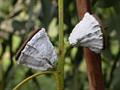 Eucalyptus globulus   Eucalyptus intertexta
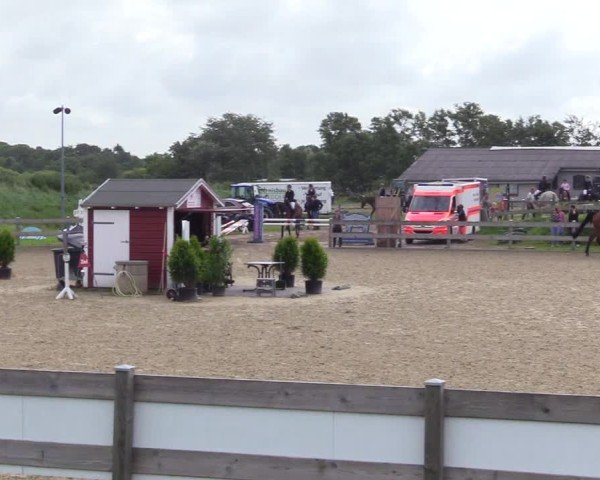 Reitturnier Niebüll 2025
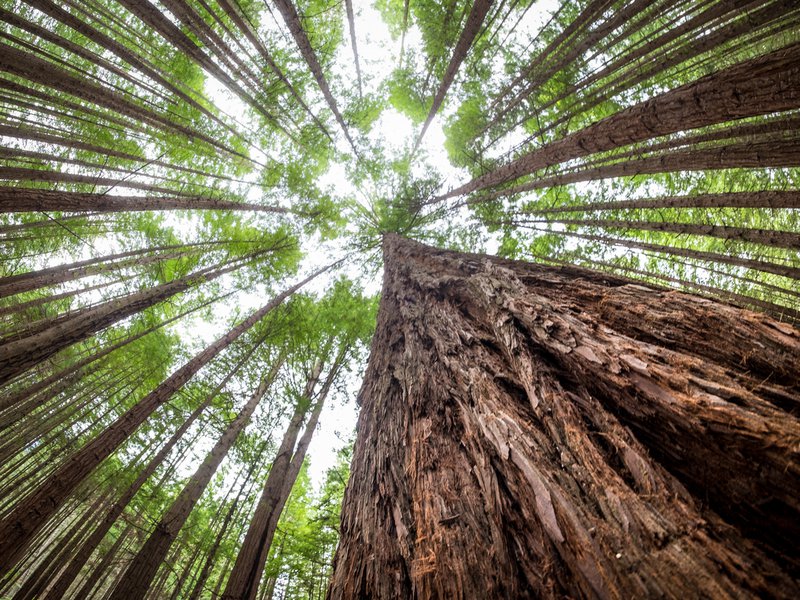 view of tree canopy from below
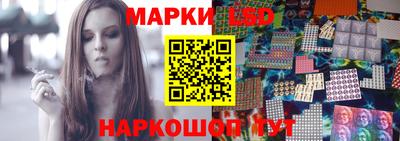 прущие крисы Камышлов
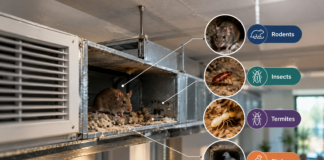 How Rodents, Insects, and Other Pests Can Affect Air Ducts Rodents, Insects, and Other Pests Can Affect Air Ducts
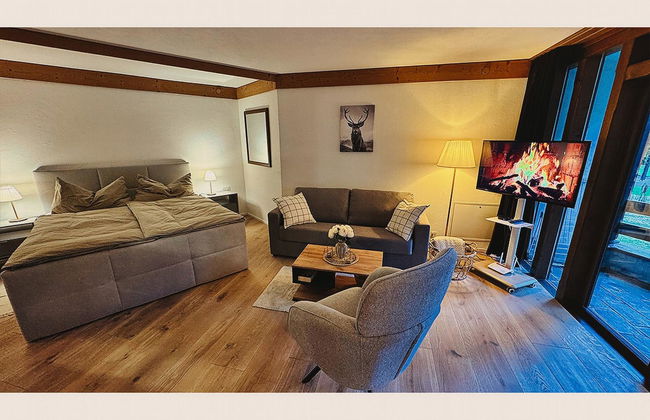 Apartamento de 1 quarto em Engelberg com piscina e sauna - Foto 5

· · · · · · ·

• Problem
Write out all the entries precisely as given, omitting each image.

• Reply to the exercise
 Eucalyptus globulus   Eucalyptus intertexta
 Reitturnier Niebüll 2025
 view of tree canopy from below
 прущие крисы Камышлов
 How Rodents, Insects, and Other Pests Can Affect Air Ducts Rodents, Insects, and Other Pests Can Affect Air Ducts
 Apartamento de 1 quarto em Engelberg com piscina e sauna - Foto 5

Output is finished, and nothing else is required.